15:54:00 o'clock BST
Feeling Happy
outside the loop
Lunch-time. A group of about 12 friends chatting over sandwiches and drinks in the sunshine. Bubbly atmosphere. Smiles and laughs. Heads nodding eagerly. Everyone contributing, clicking into the loop with a comment as soon as there is a gap, then watching, waiting, listening for the next one. Fast moving roller-coaster chatting that makes everyone feel happy. All about connecting - hearing the words, and the subtle meanings behind the words so that we can share the inside story. Inclusive. That's what friends do, don't they? Make us feel that we belong.
But what if we don't connect? What if all that happy repartee is too fast, too noisy for us to decode? What if we can't click in because we don't know what to offer - haven't understood more than one word in five and probably misheard anyway? That was what happened to me at lunch-time yesterday. For well over an hour I nodded, and smiled when I felt it was right, and understood almost nothing. Connection close to zero. Big problem? Of course. From time to time I managed to chat with someone beside me who knows about my hearing loss and is kind enough to speak carefully. We connected well, but while he was concentrating on me he was out of the loop so we kept it short. Crossed my mind to leave, go somewhere else and read a magazine. But I didn't. And I'm very glad. Most of the time I was a willing spectator. And, do you know, I enjoyed it? Of course it would have been so much better to be on the inside track. But I felt I was among friends.
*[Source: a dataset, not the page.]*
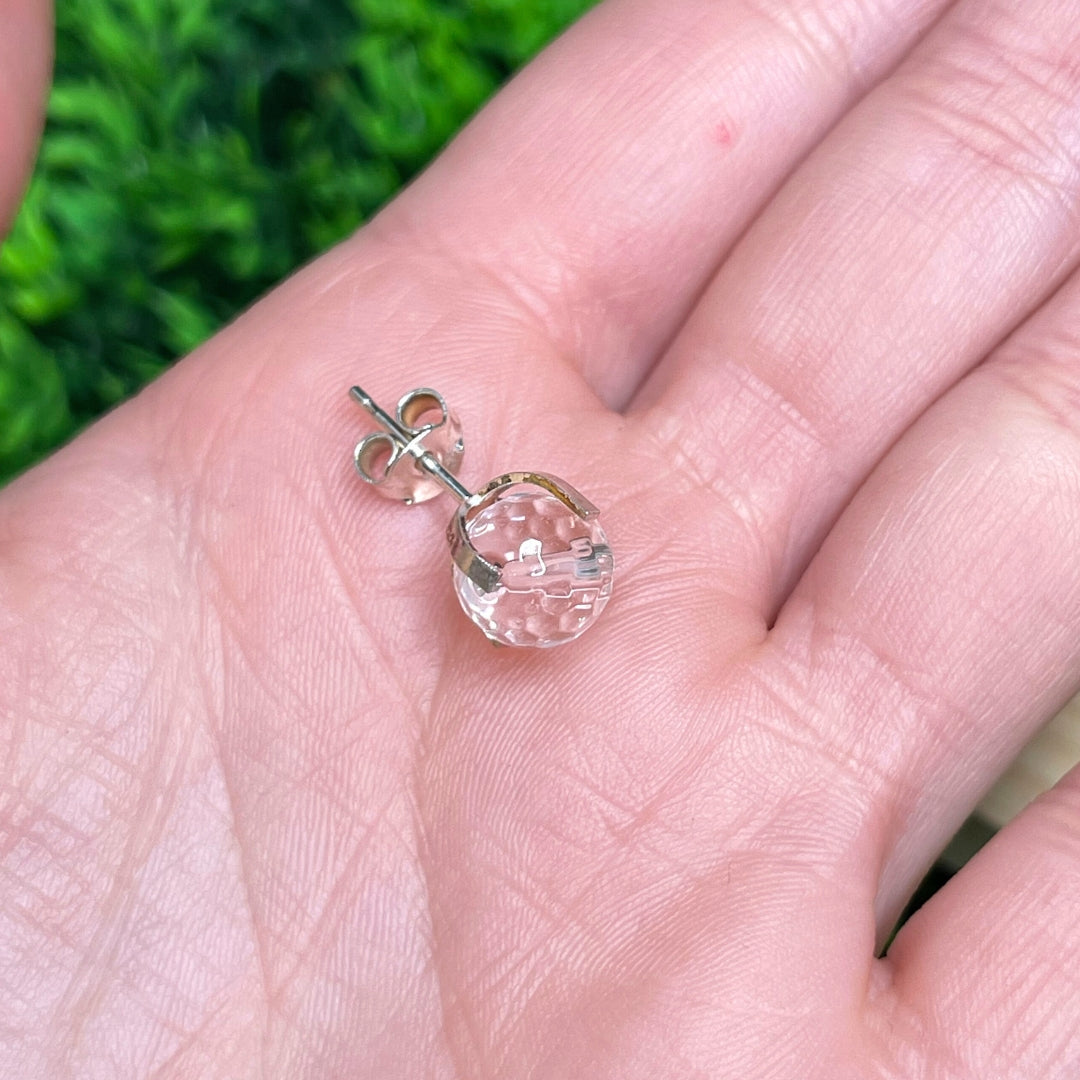 Boucles d&#39;Oreilles Perle Cristal de Roche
I knew that many of them knew that I wasn't deliberately ignoring them - and anyway they were too busy competing for space to notice who was in and who was not. My enjoyment came from watching them, seeing how they were adding their personal bubble to the collective babble, watching them warm each other - eyes, heads, hands all moving energetically. Even if I couldn't decode what they were saying, I could feel their friendship, see their sense of fun and their need for each other which I could share. Out of the loop was not perfect, but so much better than withdrawing into some kind of sad solitude with apologies for my inability to be a full partner. It proved to me once again that hearing differently does not mean that we have to live differently. If we do our best to be normal, others will help us. And, if we have the courtesy to remind them that we are different, they will respect us, even thank us for helping them to understand.
Should we talk more about hearing loss? Yes we should. Loud and clear. There is nothing to lose and a whole lot to gain. Let's not hide it. Let's share it instead.